AS expected, the morning after the landmark ruling by the Guyana Court of Appeal, the PPP has moved to the CCJ to challenge that ruling. The opposition party is challenging the ruling that it had jurisdiction to hear the case brought by Eslyn David, and by extension that the votes to determine the election of the president must be “valid votes”. There is legal view that the CCJ does not have jurisdiction to hear such an appeal, as the Guyana Constitution is clear that the ruling by the Court of Appeal is final. Attorney- General Basil Williams shares this view.

According to him, “The election of the President, which is reflected in an instrument under the hand of the Chairman of the Elections Commission, is final and conclusive, and cannot be inquired into in another Court…I don’t know why they asked for a stay, because Article 177 (4) says quite clearly that any decision made thereunder was final, so that they can’t appeal it, and, equally, under our Caribbean Court of Justice Act, Chapter 3:07, there’s a provision also which states that the Caribbean Court would not exercise jurisdiction, or hear any matter coming from our Court of Appeal which is stated to be final.”

This publication leans in that direction. It seems to us that the Constitution is unambiguous as it relates to this matter. Article 177 (4) states: “The Court of Appeal shall have exclusive jurisdiction to hear and determine any question as to the validity of an election of a President in so far as the question depends upon the qualification of any person for election, or the interpretation of this Constitution; and any decision of that Court under this paragraph shall be final.”

One must ask the obvious question: Why is the PPP moving to the CCJ, in the face of what is an explicit statement in the Constitution? It must also be noted that that party has bypassed the customary stage of seeking leave from the Court of Appeal. The only explanation can be that the PPP is seeking to deliberately slow down the process of concluding the election. The CCJ would have to first rule on whether it has jurisdiction to hear the case, and then deal with the substantive matter before it. This can take as long as three to four weeks.

Of course, the PPP’s move to the CCJ does not prevent GECOM from pressing ahead with its work. Even the PPP has admitted that GECOM could press forward in making a declaration. But the agency has shown a reluctance to adapt such a course of action in the past. That means that Guyanese must wait much longer for the resolution of the election.

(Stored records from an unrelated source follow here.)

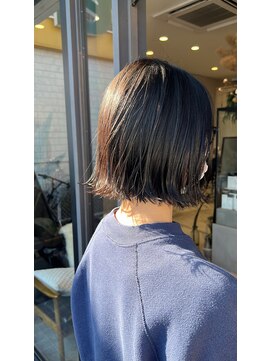 クルニエ(crenier) 外はねボブ/パッツリ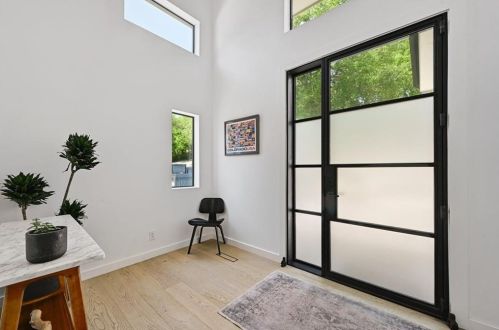 1003 3rd St, Austin TX  78702-4222 exterior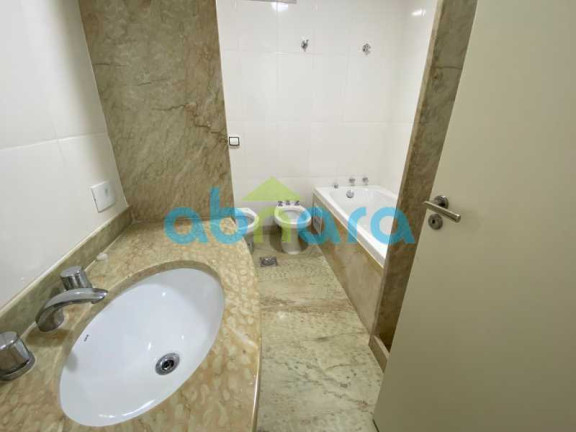 Imagem Apartamento com 3 Quartos à Venda, 192 m² em Copacabana - Rio De Janeiro
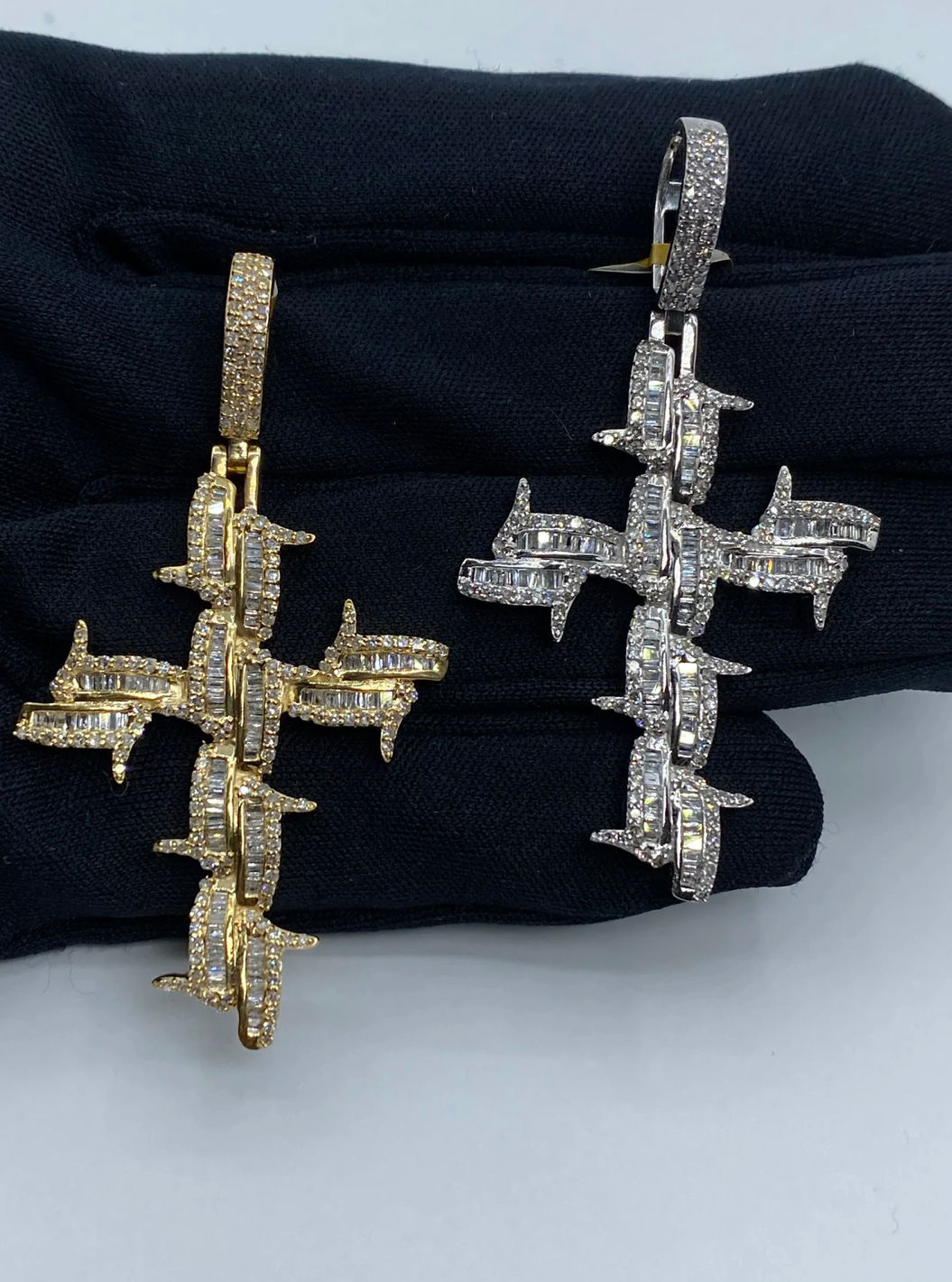 PENDENTIF CROIX EN PIQUE 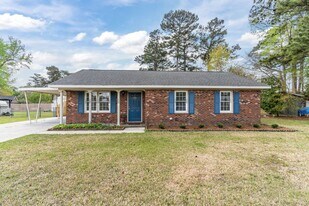 5012 Ferndale Rd in Wilmington, NC - Building Photo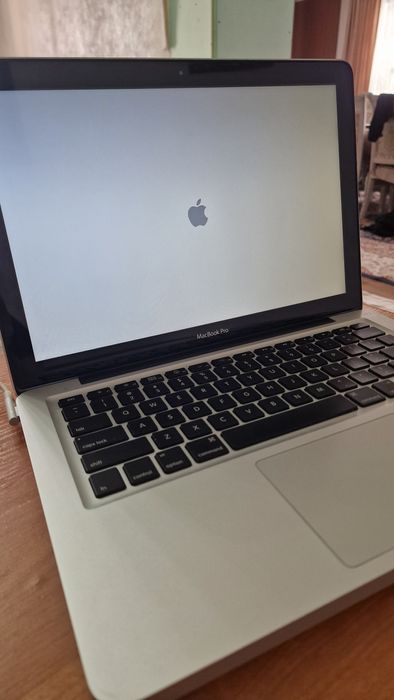 Ноутбук MacBook 1372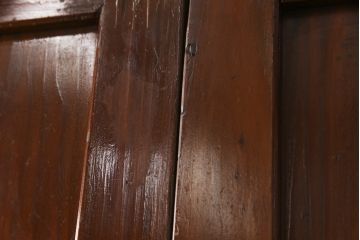 昭和初期の板戸3枚セットをリペア&カスタム!高さと幅をリサイズし、それぞれ片引戸として使えるようリメイク。現状をベースに1トーン落ち着いた色味に着色仕上げ。(建具、引き戸)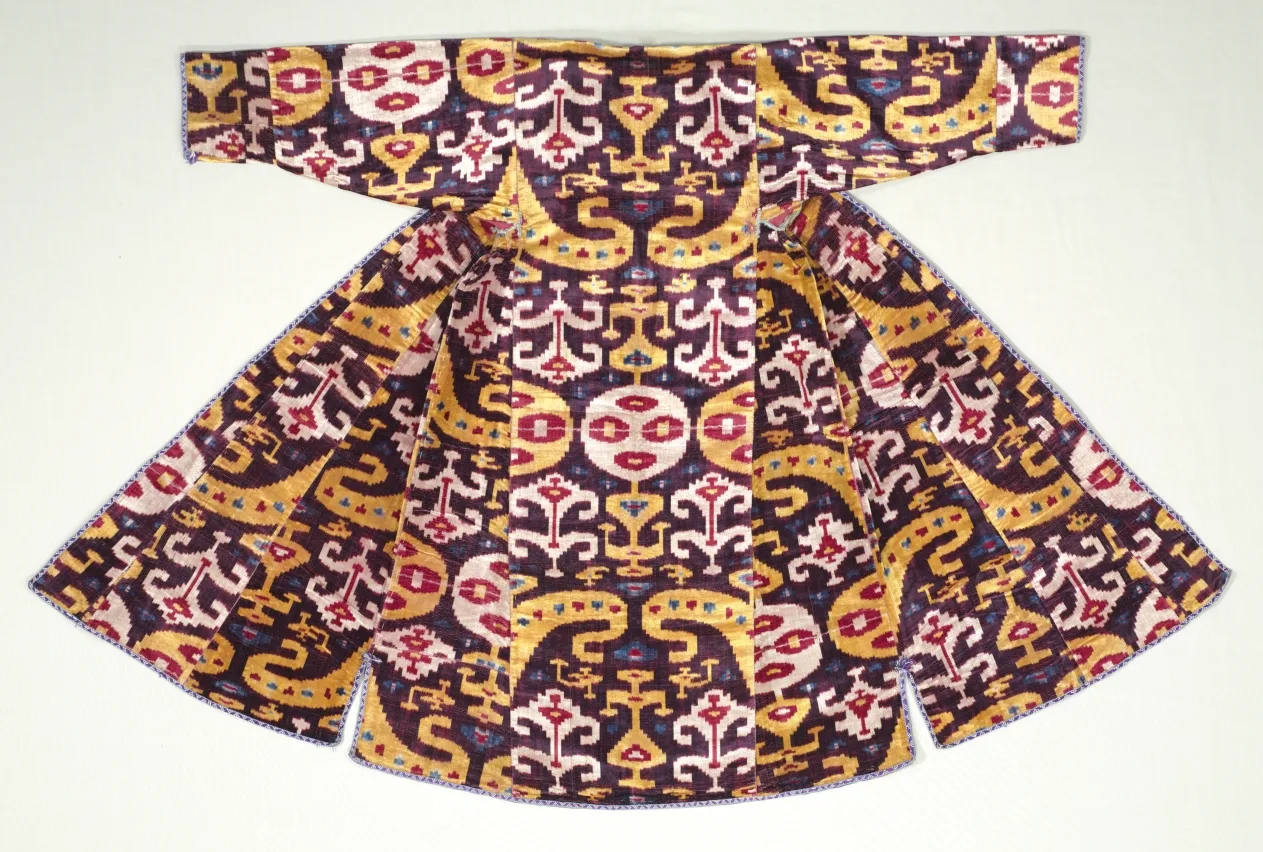 Woman’s Robe (munisak) — تصویر رکورد موزهٔ هنر کلیولند (دسترسی آزاد)
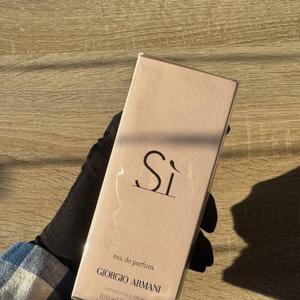 Giorgio Armani Si
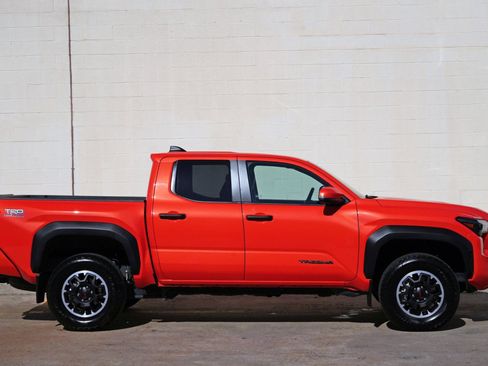 Used 2024 Toyota Tacoma TRD Off-Road w/ TRD Off Road Premium Package AWD/4WD image 55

As was expected, the PPP and its allies are contending that the ruling by the Court of Appeal changes nothing. This is a bizarre conclusion, given the fact that that party spent a lot of resources challenging the application by Ms. David. Further, it is now moving to the CCJ to seek to strike down the ruling. Clearly, the PPP is playing politics.

In the final analysis, we feel the CCJ would correctly interpret the letter and spirt of the Constitution for what they are. No amount of denial by the PPP can dilute or erase the fact that the ruling by the court has brought us closer to resolution, and that it is grounded in sound reading of the Constitution. What has changed is that the ruling has clarified for GECOM what a valid vote, in these circumstances, is. Whereas the PPP had contended that a valid vote should not be determined by the credibility of the process, the court has ruled that validity must arise from both the quantitative and qualitative assessment of the process. That much is clear from the court’s ruling.